Há duas notas para hoje que merecem reflexão, porque, afinal, todas estão imbricadas na história profunda do século XX. No ano de 1946, Churchill fazia em Fulton o célebre discurso em que denunciava a “cortina de ferro”, através da qual o sovietismo estava a dividir a Europa. Sete anos depois no mesmo dia, morre Estaline. Curiosamente, no dia seguinte àquele em que se comemora o discurso de um PCP que, na realidade, só foi fundado mais de um lustro volvido, com a reorganização de Bento Gonçalves. E tudo bem antes de Moscovo ser governada pelo degelo anti-estalinista que, afinal, criou o Pacto de Varsóvia, construiu o “muro da vergonha” e até invadiu Praga, proibindo as primaveras, antes de medir os respectivos poderes e optar pela “perestroika” e por Putine.
O recriador do conservadorismo no século XX, contudo, olhava a Europa bem de fora: mesmo sem o Império Britânico e a Rússia, a massa europeia, uma vez unida, uma vez federada ou parcialmente federada, uma vez consciente do seu continentalismo, constituirá um organismo sem igual. No que diz respeito à Inglaterra, nós estamos com a Europa, mas não somos da Europa. Estamos ligados, mas não estamos incluídos.
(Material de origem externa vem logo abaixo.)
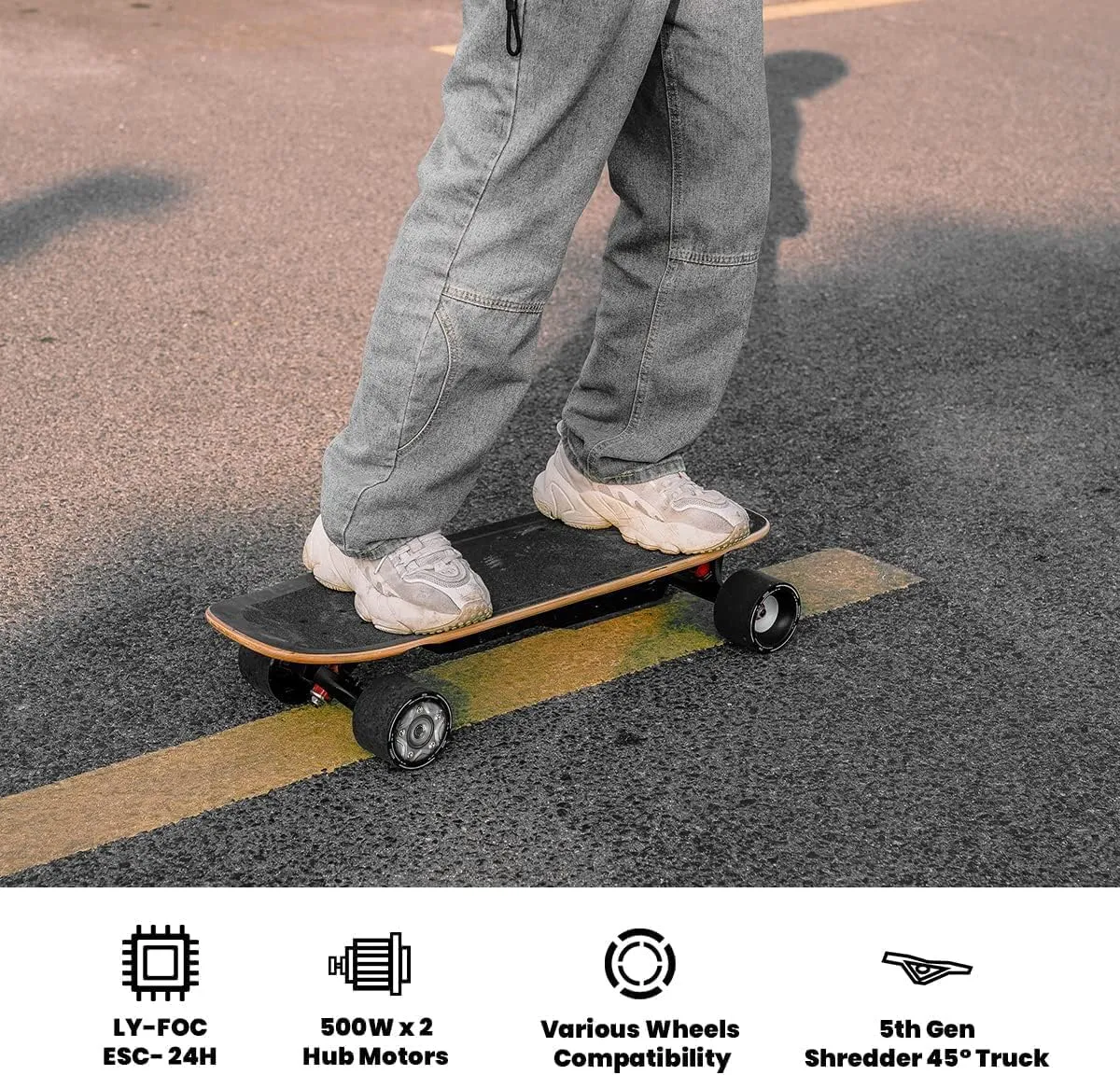 MEEPO Mini5 MINI3 Max Electric Skateboard with Remote, Up to 29 MPH Top Speed, 11 Miles Range,330 Pounds Max Load, Maple Cruiser for Adults and Teens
E a tal Europa do eixo franco-alemão, mesmo depois das “Libérations” não deixava de ser a continuadora dos Jules Férry e dos Norton de Matos, como se expressava na democratíssima constituição da França antifascista: A França forma com os povos do ultramar uma União fundada na igualdade dos direitos e deveres, sem distinção de raça nem de religião … Fiel à sua missão tradicional, a França entende conduzir os povos…para a liberdade de se administrarem por si próprios. Isto é, tanto britânicos como galos, ainda assumiam, muito democraticamente, o white man’s burden… E se soubessem de política internacional perceberiam que a superpotência russa ainda praticava o clássico imperial-comunismo que traduzia em século XX a velha Weltpolitik, onde a ideologia do internacionalismo proletário apenas era uma espécie de federalismo anestesiante.
Daí o paternal conselho de Churchill aos homens do Eixo franco-alemão, alguns meses depois, no discurso de Zurique: se os países europeus chegarem a unir-se, os seus 300 a 400 milhões de habitantes conhecerão, pelo fruto de uma herança comum, uma prosperidade, uma glória, uma felicidade que nenhum limite, que nenhuma fronteira limitará. É preciso que a família europeia, ou, pelo menos, a maior parte possível da família europeia, se reforme e renove os seus laços, de tal maneira que possa desenvolver-se na paz, na segurança e na liberdade. É preciso erigir qualquer coisa como os Estados Unidos da Europa. O primeiro passo que deve dar-se é a constituição de um Conselho Europeu. Para conduzir a bom termo esta urgente tarefa, a França e a Alemanha deverão reconciliar-se, a Grã-Bretanha, a família dos povos britânicos, a poderosa América e, espero-o sinceramente, a União Soviética – porque, assim, tudo se resolverá – deverão tronar-se amigos e protectores da nova Europa, deverão defender o seu direito à vida e à prosperidade.
O georgiano Estaline, se pudesse, isto é, se tivesse poderes para tanto, faria o mesmo discurso. Truman e Eisenhower preferirão a OECE e Jean Monnet. Salazar, infelizmente, porque não tinha carta de condução, não conseguiu voltar para Santa Comba Dão. Mas ainda participou na fundação da EFTA e ponderou pedir a inicial adesão à CEE, numa altura em que esta ainda reunia a final flor dos velhos impérios coloniais europeus que, aliás, só o deixaram de ser quando, reconhecendo a respectiva falta de força, se descolonizaram, acirrando o neocolonialismo, como se tornou patente no ciclo que vai do desembarque em Port Said, contra a nacionalização do Canal de Suez, à recente “pacificação” do Iraque, onde colaborámos com o desembarque do socialista José Lamego.